Work item:
Excluding every picture, print exactly the lines from the one containing "Fuerza pública y" through the end of the material below, both ends included.

Raw data:
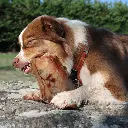 oreillecochon_540x.webp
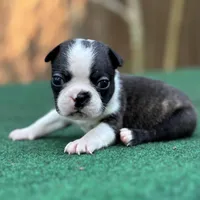 Jack, a male Boston Terrier for sale in Kentwood, LA – Photo 8 of 10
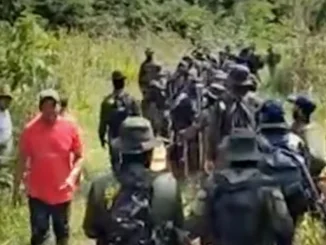 Fuerza pública y campesinos cultivadores de coca concertaron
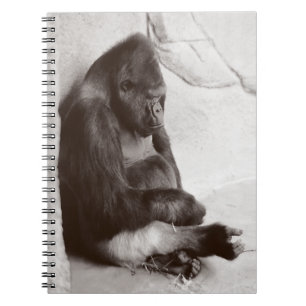 Carnet Photo faisante une sieste de gorille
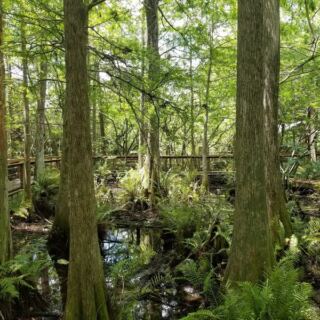 This Florida Wildlife Sanctuary Rehabs Over 4,500 Injured Animals a Year and Lets You Visit for Free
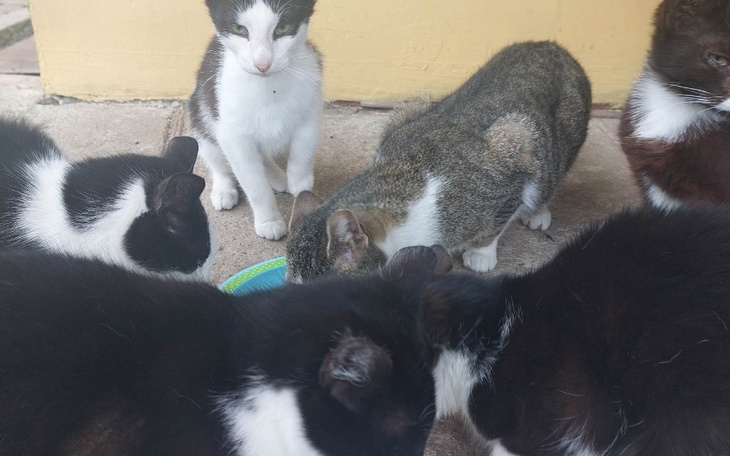 Zbiórka Sterylizacja kotek wiejskich - zdjęcie główne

Answer to this problem:
 Fuerza pública y campesinos cultivadores de coca concertaron
 Carnet Photo faisante une sieste de gorille
 This Florida Wildlife Sanctuary Rehabs Over 4,500 Injured Animals a Year and Lets You Visit for Free
 Zbiórka Sterylizacja kotek wiejskich - zdjęcie główne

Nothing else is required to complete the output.